I thought I would share some ideas of activities to pass the time for those enduring stay-at-home lock down. I may post one or two ideas per week unless people have enough to do.
Toilet Roll Lines
First I have to chuckle as I write the word, toilet, when I think how this might be received by my US blog followers. A country that seems fine to use the word, shit, very frequently, (your shitting me, bull-shit, etc.), but shies away from the word, toilet! (Preferring, rest room – for a room with no bed, sofa or chair, or bathroom for a room with no bath). The room the rest of the world calls, the toilet, les toilettes, die Toilette, het toilet, el inodoro, etc. Anyway; enough teasing of my lovely US blog followers!
Now the UK is in lock-down, as an extra activity to keep bitch-boy subjugated and occupied, and an extra recompense for me enduring lock down, I have brought back a regime of toilet roll lines.

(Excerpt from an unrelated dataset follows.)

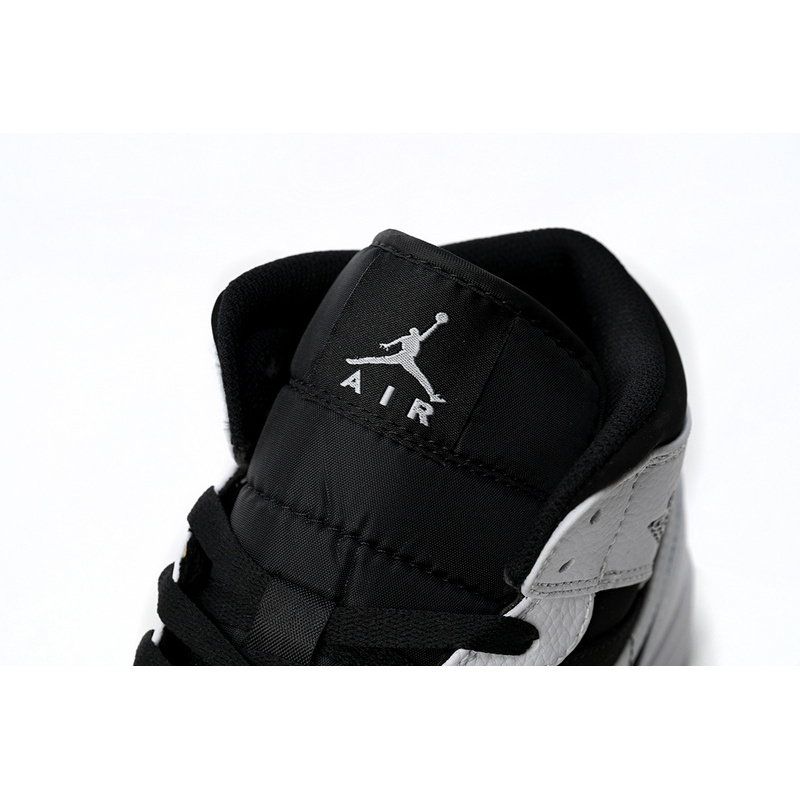 MID Air Jordan 1 Mid Tuxedo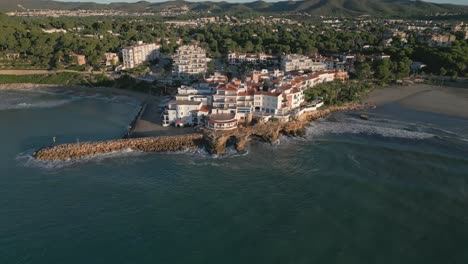 Luxurious-Villas-In-Roc-Sant-Gaieta-On-The-Costa-Dorada-Spain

The perfect writing implement must be used, (bitch-boy uses a very fine felt pen that has to be applied with just the right pressure). The regime is that he must make sure any toilet roll sheet I use has a line written on it. (I will give examples of the lines I require in a moment.) Each toilet roll must be unrolled a bit at a time by bitch-boy and a line written on each sheet. After enough sheets have been written on that might be used by me that day, then the sheets must be very carefully and neatly rolled back up.
If you have three toilets in the house then three rolls must each have at least say, 30 sheets with a line on. One roll for each toilet. And first thing in the morning, before I wake, EVERY DAY, bitch-boy must make sure each toilet roll has 30 sheets with a line written on. It is pretty hard to write the lines without ripping the paper. A tedious, degrading, never ending task and all that work simply gets flushed away. (He uses his own toilet rolls so he does not flush his work away himself.)
A typical lines would be one of these:
- It is an honour to serve and to suffer.
- I am a pathetic sissy little girl Mistress.
- I worship and adore you cruel Mistress.
- Please make me very miserable today.
- Please thrash me to tears today Mistress.
- Please deny me relief today Mistress.
- belindakins loves playing with her dollies.
I pick one of the lines for one toilet and a different line for the other. From time to time, at my whim I change to a different line. Obviously during every visit to the toilet I get a little power rush and a feeling of pitiless decadence as I rip written-on sheets from the roll, use them and then flush away all that work without a care in the world. And if the line is, Please make me very miserable today, or, Please thrash me to tears today, well sometimes I do as I have been asked, just because I have been asked!
I don’t know what its like outside the UK, but here there have been endless images on TV news and social media of selfish, despicable people bulk buying toilet rolls for a stockpile, despite the fact that there is not and will not be a shortage. I however see such an image and simply think of poor bitch-boy’s task and how much more precious my toilet roll is than the stockpilers!
When I used this routine for a while in 2015 through 2016, there was a constant issue of squirrelling away the written-on rolls should a vanilla visitor turn up. Quite a stress. So I ended the regime. But now, with zero visitors! Well it is the perfect time to have brought back the toilet roll lines regime!